"Hollow Blocks in a Windowless Room"

Łukasz Jastrubczak 
with cameo appearances by 
Robert Barry, Susanne Kriemann, Paweł Kruk, Małgorzata Mazur and Agnieszka Polska


curated by Sebastian Cichocki


Knoll Galerie, Vienna
2015

The exhibition revolves around excerpts from “Minus Twelve”, Robert Smithson’s notes on the qualities of minimal art (1968).
All the displayed objects—artworks, documents and found objects—are related to the “Mirage” project (2011-ongoing) by the visual artist Łukasz Jastrubczak and the curator Sebastian Cichocki—which initially materialized as the book of the same title. It consisted of correspondence between the authors, in the form of a game or “duel” of images and text. Jastrubczak’s photographs arose during the artist’s journey around the United States, and Cichocki’s textual responses (treated as “curatorial guides and references”) were written in Poland and based, in part, on earlier essays by Smithson and other artists active in the 60s and 70s. In response to photographs sent by email, texts arose that were guides for the taking of subsequent photos, and so on. The authors had only 24 hours to respond.

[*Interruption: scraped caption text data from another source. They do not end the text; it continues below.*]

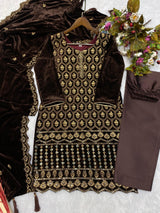 Earthy Brown Lohri Special Velvet Suit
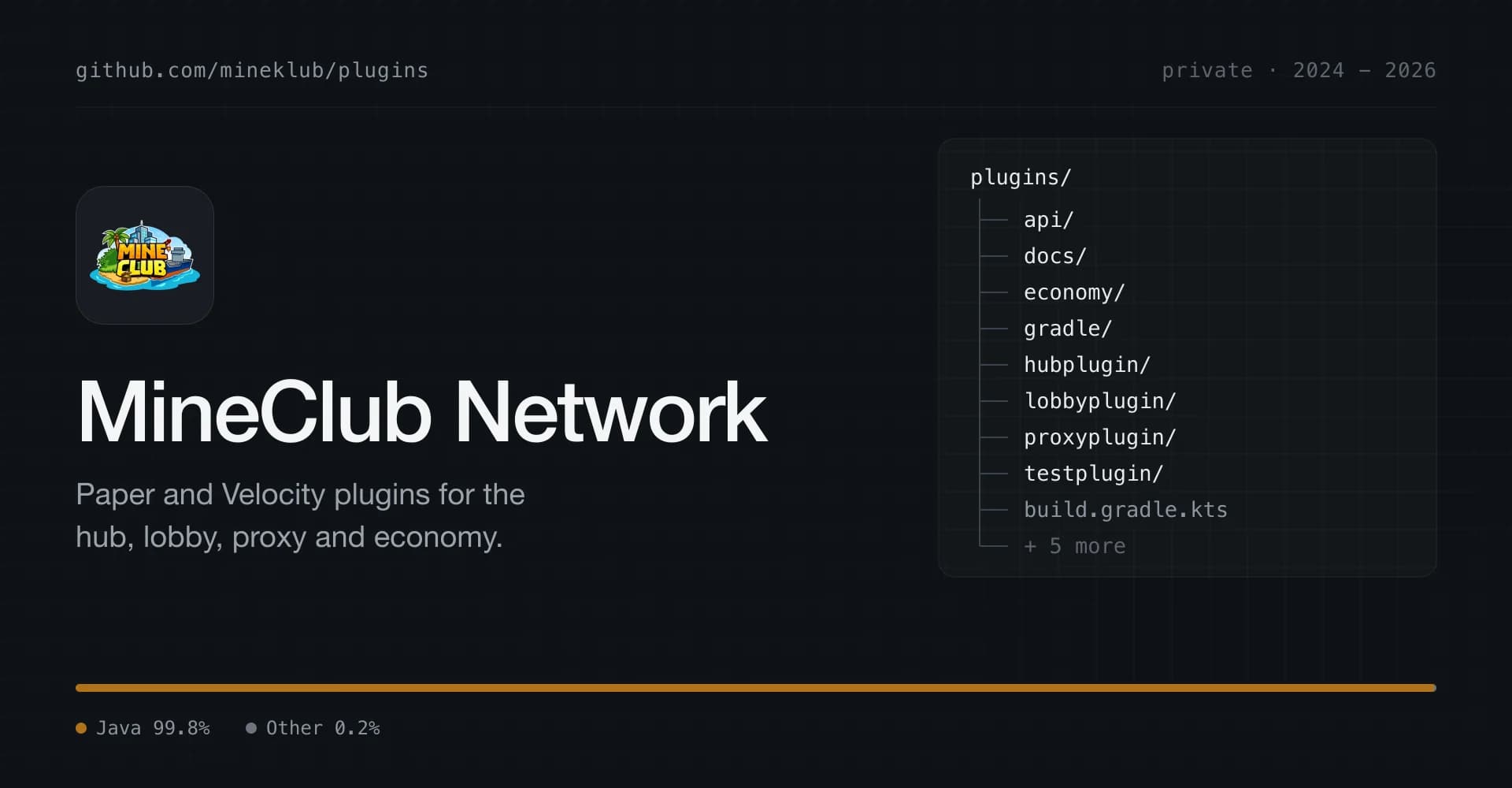Cover for MineClub Network with the plugin folders from the repository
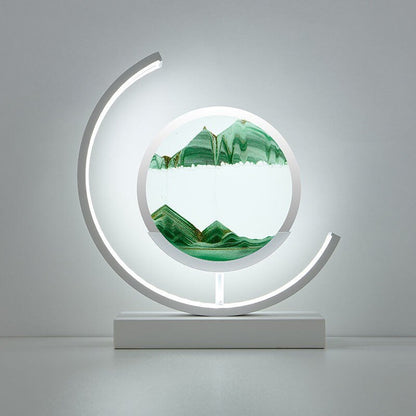 Sandlight Quicksand LED Table Lamp, Rotating 3D Moving Sand Art Night Light for Bedroom, Office and Gifts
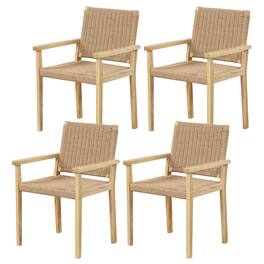 Gymax - 4PCS Chair Rubber Wood Dining Armchairs Paper Rope Woven Seat Balcony Patio - Natural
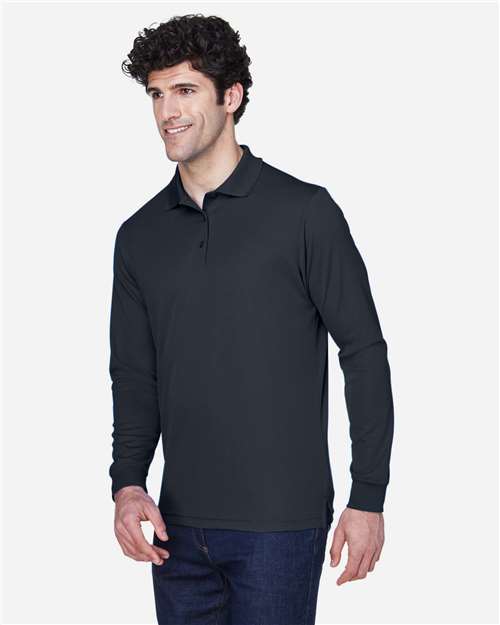 CORE365 Men's Pinnacle Performance Long Sleeve Piqué Polo | Carbon - Side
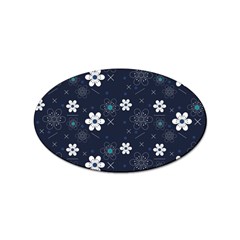 Flowers Pattern Pattern Flower Texture Sticker (oval) by Jancukart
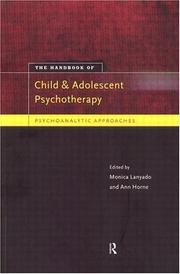 Cover of: Handbook of Child and Adolescent Psychotherapy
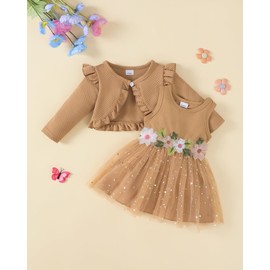 Toddler Girls Flower Dress Brown Sequin Dresses 18 Month Girl Clothes Winter Sleeveless Tutu Dress with Long Sleeve Cardigan Set Birthday Party Princess Wedding Dresses for Girl 18-24 Months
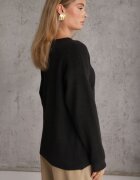j&x Pulover oversize din bumbac și lână Basic Oseani Negru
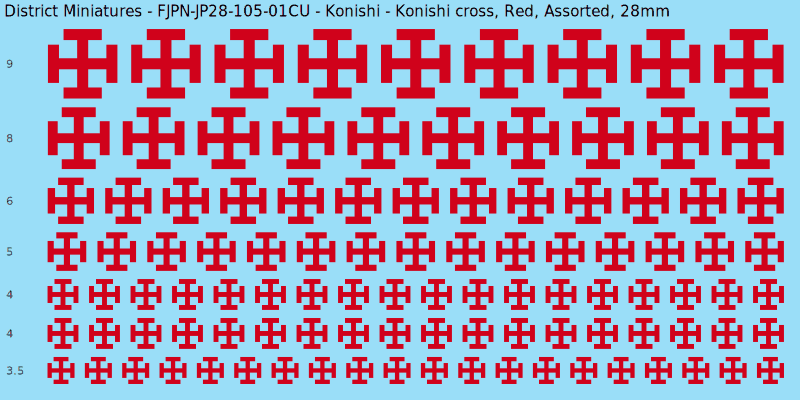 Konishi clan mon, Konishi cross, Red waterslide decal sheet, 28mm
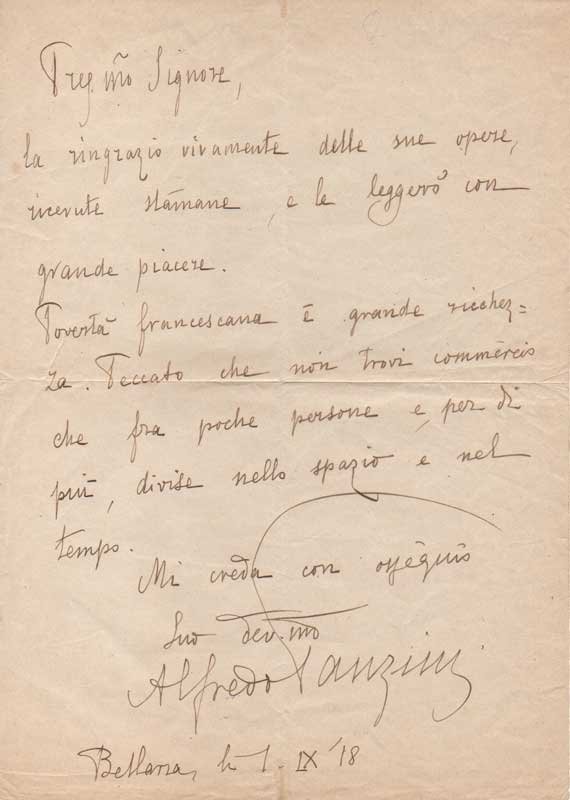 Lettera autografa firmata inviata ad un signore.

The book was then reinterpreted in a series of staged lectures, concerts, public readings, and finally the film “Mirage: In Order of Appearance”. The film was shot in the summer of 2014, when the authors decided to go on an American journey in the footsteps of theirs protagonists: the pioneer of green conceptualism John G. Lee, his partner Anna Zaloon and the teenage hitchhiker Mia.
Some elements in the exhibitions are cameo appearances by guest artists (including the legendary conceptual artist, Robert Barry), works interwoven into the somehow cinematic sequence of events.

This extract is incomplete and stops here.